Джами — Газели, рубаи, кыта, фарды (XV век)

Джами Газели

Джами писал о любви так, чтобы ему посочувствовал всяк. Растоптан он, убит кинжалом пери своей, продолжая после испытаний мечтать лишь о ней. Складывал газели, не щадил себя, напиталась кровью новая строка. И понял Джами одно, ясное любимой его всё равно: как не описывай красоты красавицы, словно произнося речь одурманенного прелестями пьяницы, всё и без того понятно — лишнего не скажешь, всё и без того понятно — ближе ты не станешь. Потому и складывал газели Джами, одной мерой определяя чувства свои. И он пыль, и он песок, поэт востока иначе мыслить не мог. В унижении даровано счастье каждому певцу стихов, им всегда будет хватать для выражения эмоций слов.

Любил Джами, сдуваем ветром был, вставал и вслед смотрел на ту, которую любил. Умереть он на очередной строчке готов, тем порождая чувство — любовь. Взгляд из-под бровей, мгновение взмаха ресниц, прошла секунда и пал Джами перед любимой ниц. Мгновение очередное, и вот Джами сказал, настолько счастлив он — об этом он давно мечтал. Газель сменяется газелью, Джами у ног любимой пребывает, не может встать и отойти, он теплоту тела пери своей ощущает. Одурманен Джами! Чем Джами не Меджнун? Он Меджнун, раз любимой лик ищет в окне при свете растущих и ущербных лун.

Но другой Джами для нас, вне любви в нём мудрость пролилась. Отложил терзания души поэт, предстал мудрец, проживший порядком лет. Для того он сочинял кыта нам, оттеняя тем любви дурман. Куда девалась униженная честь, ежели иной в кыта Джами весь? Вспомнил он, что в кармане дыра, не прокормит поэта пустая строка. Вот он известным стал, о нём говорят, да слова в устах его монетой не звенят. Оставался на положении нищего, то его угнетало. Вспомнил об этом Джами, будто легче ему стало.
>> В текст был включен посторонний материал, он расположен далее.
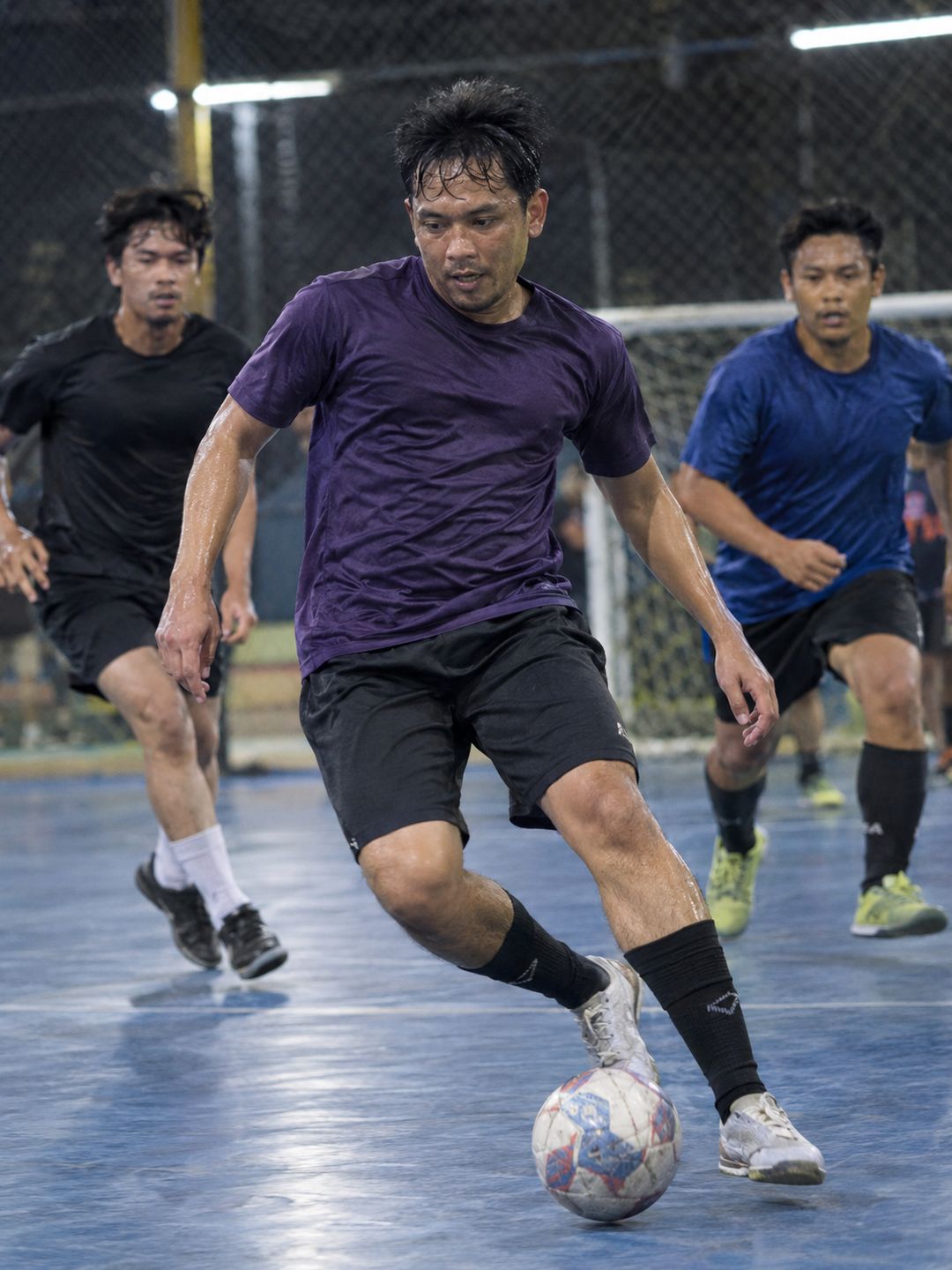 Pria bermain futsal di lapangan indoor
Упомянул матерей Джами в стихах, напомнил о важности матерей для нас. Без матери не будет человека, не будет будущего и не будет следующего века. Ценить положено, никак иначе, но плачут дети, и мать их пребывает в плаче. Не мать родную: ценить всех матерей, тогда не будет плачущих детей. Горчит такое понимание родных, ценить приятнее своих. В том правда человека, такую правду изменить нельзя: в такой правде человек похож на золотаря. Он выгребает людское естество на вид, покуда сам всеми старается оказаться забыт. Ценить полагается и труд золотаря, ведь любые сливки — впоследствии моча. Но человек не ценит и не будет ценить, ему проще неприятное перепоручить другим смыть.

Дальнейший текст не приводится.